■ Exercise goal ■
Every line of the entries below from the one containing "Detail der rosa" to the one containing "PRADA Shoulder Bag", both ends included, must be written out exactly. No other line belongs in the answer.

■ Data shown ■
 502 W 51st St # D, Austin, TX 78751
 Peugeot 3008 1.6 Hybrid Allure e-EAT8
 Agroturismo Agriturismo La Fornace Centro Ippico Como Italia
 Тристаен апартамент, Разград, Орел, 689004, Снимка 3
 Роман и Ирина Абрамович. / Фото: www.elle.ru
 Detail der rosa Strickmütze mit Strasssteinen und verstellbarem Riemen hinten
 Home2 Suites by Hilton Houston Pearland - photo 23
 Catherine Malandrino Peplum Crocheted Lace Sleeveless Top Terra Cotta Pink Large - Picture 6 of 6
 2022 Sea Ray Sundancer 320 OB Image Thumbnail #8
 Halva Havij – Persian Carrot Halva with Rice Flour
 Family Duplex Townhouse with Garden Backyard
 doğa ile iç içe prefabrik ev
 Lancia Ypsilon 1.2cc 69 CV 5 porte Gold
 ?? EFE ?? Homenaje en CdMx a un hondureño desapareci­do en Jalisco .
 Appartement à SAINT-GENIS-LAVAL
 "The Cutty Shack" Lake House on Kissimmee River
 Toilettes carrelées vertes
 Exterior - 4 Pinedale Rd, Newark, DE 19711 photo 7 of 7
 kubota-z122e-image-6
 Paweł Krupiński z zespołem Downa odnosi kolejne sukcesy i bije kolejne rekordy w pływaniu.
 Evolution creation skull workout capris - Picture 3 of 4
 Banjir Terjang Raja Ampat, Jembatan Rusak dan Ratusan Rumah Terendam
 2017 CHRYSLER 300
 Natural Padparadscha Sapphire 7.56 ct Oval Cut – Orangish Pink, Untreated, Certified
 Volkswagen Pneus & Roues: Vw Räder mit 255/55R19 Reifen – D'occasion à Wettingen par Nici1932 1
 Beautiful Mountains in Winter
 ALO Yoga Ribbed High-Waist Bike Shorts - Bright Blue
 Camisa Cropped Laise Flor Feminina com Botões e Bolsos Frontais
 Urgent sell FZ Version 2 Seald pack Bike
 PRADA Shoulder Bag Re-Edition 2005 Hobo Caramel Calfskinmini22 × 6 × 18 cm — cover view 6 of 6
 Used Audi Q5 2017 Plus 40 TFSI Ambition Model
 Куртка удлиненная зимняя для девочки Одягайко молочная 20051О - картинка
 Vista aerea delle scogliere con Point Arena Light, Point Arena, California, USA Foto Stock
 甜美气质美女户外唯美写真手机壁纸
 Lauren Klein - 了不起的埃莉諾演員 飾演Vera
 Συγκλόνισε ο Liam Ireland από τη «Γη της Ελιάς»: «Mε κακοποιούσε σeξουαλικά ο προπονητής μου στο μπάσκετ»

■ Result of this task ■
 Detail der rosa Strickmütze mit Strasssteinen und verstellbarem Riemen hinten
 Home2 Suites by Hilton Houston Pearland - photo 23
 Catherine Malandrino Peplum Crocheted Lace Sleeveless Top Terra Cotta Pink Large - Picture 6 of 6
 2022 Sea Ray Sundancer 320 OB Image Thumbnail #8
 Halva Havij – Persian Carrot Halva with Rice Flour
 Family Duplex Townhouse with Garden Backyard
 doğa ile iç içe prefabrik ev
 Lancia Ypsilon 1.2cc 69 CV 5 porte Gold
 ?? EFE ?? Homenaje en CdMx a un hondureño desapareci­do en Jalisco .
 Appartement à SAINT-GENIS-LAVAL
 "The Cutty Shack" Lake House on Kissimmee River
 Toilettes carrelées vertes
 Exterior - 4 Pinedale Rd, Newark, DE 19711 photo 7 of 7
 kubota-z122e-image-6
 Paweł Krupiński z zespołem Downa odnosi kolejne sukcesy i bije kolejne rekordy w pływaniu.
 Evolution creation skull workout capris - Picture 3 of 4
 Banjir Terjang Raja Ampat, Jembatan Rusak dan Ratusan Rumah Terendam
 2017 CHRYSLER 300
 Natural Padparadscha Sapphire 7.56 ct Oval Cut – Orangish Pink, Untreated, Certified
 Volkswagen Pneus & Roues: Vw Räder mit 255/55R19 Reifen – D'occasion à Wettingen par Nici1932 1
 Beautiful Mountains in Winter
 ALO Yoga Ribbed High-Waist Bike Shorts - Bright Blue
 Camisa Cropped Laise Flor Feminina com Botões e Bolsos Frontais
 Urgent sell FZ Version 2 Seald pack Bike
 PRADA Shoulder Bag Re-Edition 2005 Hobo Caramel Calfskinmini22 × 6 × 18 cm — cover view 6 of 6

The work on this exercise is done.